● **AIM OF THE TASK**: Your answer must be an exact transcription of every entry.

BEGIN DATA LISTING

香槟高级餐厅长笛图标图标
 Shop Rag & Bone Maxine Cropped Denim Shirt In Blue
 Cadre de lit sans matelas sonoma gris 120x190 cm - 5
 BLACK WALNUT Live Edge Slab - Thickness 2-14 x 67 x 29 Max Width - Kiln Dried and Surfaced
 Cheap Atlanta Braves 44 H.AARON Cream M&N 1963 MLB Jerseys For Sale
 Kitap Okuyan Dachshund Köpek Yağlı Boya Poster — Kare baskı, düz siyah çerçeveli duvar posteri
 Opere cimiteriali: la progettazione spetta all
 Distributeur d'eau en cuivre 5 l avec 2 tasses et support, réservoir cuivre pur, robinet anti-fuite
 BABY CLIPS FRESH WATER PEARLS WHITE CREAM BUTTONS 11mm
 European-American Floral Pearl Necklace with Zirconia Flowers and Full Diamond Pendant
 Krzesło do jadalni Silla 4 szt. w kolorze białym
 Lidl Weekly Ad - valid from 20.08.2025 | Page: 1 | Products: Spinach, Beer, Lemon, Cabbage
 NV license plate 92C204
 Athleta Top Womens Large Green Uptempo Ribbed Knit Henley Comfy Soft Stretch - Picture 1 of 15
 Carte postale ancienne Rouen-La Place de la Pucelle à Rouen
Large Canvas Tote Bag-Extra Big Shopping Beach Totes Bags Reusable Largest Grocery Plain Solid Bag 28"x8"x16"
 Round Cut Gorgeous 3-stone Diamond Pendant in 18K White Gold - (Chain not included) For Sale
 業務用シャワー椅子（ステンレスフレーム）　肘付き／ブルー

END DATA LISTING

● **EXPECTED ANSWER**:
香槟高级餐厅长笛图标图标
 Shop Rag & Bone Maxine Cropped Denim Shirt In Blue
 Cadre de lit sans matelas sonoma gris 120x190 cm - 5
 BLACK WALNUT Live Edge Slab - Thickness 2-14 x 67 x 29 Max Width - Kiln Dried and Surfaced
 Cheap Atlanta Braves 44 H.AARON Cream M&N 1963 MLB Jerseys For Sale
 Kitap Okuyan Dachshund Köpek Yağlı Boya Poster — Kare baskı, düz siyah çerçeveli duvar posteri
 Opere cimiteriali: la progettazione spetta all
 Distributeur d'eau en cuivre 5 l avec 2 tasses et support, réservoir cuivre pur, robinet anti-fuite
 BABY CLIPS FRESH WATER PEARLS WHITE CREAM BUTTONS 11mm
 European-American Floral Pearl Necklace with Zirconia Flowers and Full Diamond Pendant
 Krzesło do jadalni Silla 4 szt. w kolorze białym
 Lidl Weekly Ad - valid from 20.08.2025 | Page: 1 | Products: Spinach, Beer, Lemon, Cabbage
 NV license plate 92C204
 Athleta Top Womens Large Green Uptempo Ribbed Knit Henley Comfy Soft Stretch - Picture 1 of 15
 Carte postale ancienne Rouen-La Place de la Pucelle à Rouen
Large Canvas Tote Bag-Extra Big Shopping Beach Totes Bags Reusable Largest Grocery Plain Solid Bag 28"x8"x16"
 Round Cut Gorgeous 3-stone Diamond Pendant in 18K White Gold - (Chain not included) For Sale
 業務用シャワー椅子（ステンレスフレーム）　肘付き／ブルー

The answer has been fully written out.